En primer lugar, habla de la obediencia… Al igual que los cristianos de Filipo, también nosotros estamos llamados a recorrer en obediencia el camino de seguimiento de Cristo. La obediencia no es, de modo alguno, una actitud que oprime a la persona; sino que es la disposición fundamental para dejarse guiar por Dios, poniendo en segundo plano los propios deseos e ideas. En la práctica concreta de la obediencia, la guía de Dios y su gracia pueden hacerse eficaces en nuestra vida sin obstáculos. Nuestro modelo es siempre el Señor mismo, quien fue obediente hasta la muerte (cf. Fil 2,8). Como fruto de esta obediencia por amor a Dios, crece la alegría de vivir en unión con Él, de glorificarlo y de permitir que su Voluntad se cumpla en nuestra vida. Para que la obediencia sea realmente alegre, es importante que no suceda simplemente de forma mecánica, o, peor aún, que adopte rasgos de servilismo. Debe resultar del amor al Señor y, por tanto, debe darse en libertad interior.
El segundo consejo importante que nos da la lectura de hoy es que hemos de trabajar con temor y temblor en nuestra salvación. Con estas palabras, se desvanece toda falsa seguridad en lo que respecta a nuestra salvación. Existe el riesgo de volvernos negligentes en la fe y en el camino de la salvación, de sentirnos demasiado seguros y caer incluso en una actitud de santurronería, que cree tener el derecho de juzgar a otros y fácilmente se vuelve ciega en relación a las propias faltas.
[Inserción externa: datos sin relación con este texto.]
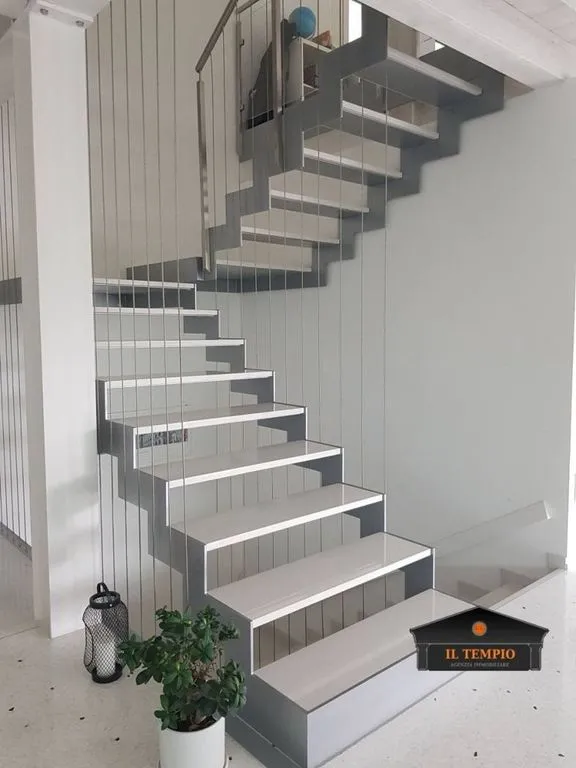 Pièces - Modern Villa with Terrace in Vicenza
En este contexto, el “temor y temblor” significa estar conscientes de la responsabilidad que tenemos ante Dios y ante los demás por nuestra vida, e intentar seriamente vencer nuestras actitudes equivocadas, así como también los así llamados pecados veniales… Si hacemos esto, la alegría brotará como un fruto que va de la mano con la digna seriedad del camino de Cristo.
Escuchamos también la exhortación de San Pablo a hacerlo todo “sin murmuraciones ni discusiones”. Esto significa cumplir gustosamente la Voluntad de Dios, en la medida en que se hace eficaz en nosotros el don de piedad y aprendemos a vencer las resistencias que proceden de nuestra naturaleza humana. ¡También de ello nace la verdadera alegría!
Finalmente, se nos aconseja mantener en alto la palabra de la vida; es decir, aferrarnos a las palabras de la Sagrada Escritura. En efecto, la Palabra de Dios es luz en la oscuridad y otorga verdadera vida. Cuanto más profundamente la degustemos, tanto más difundirá en nosotros su luz, de modo que crecerá la alegría en Dios y en su Palabra.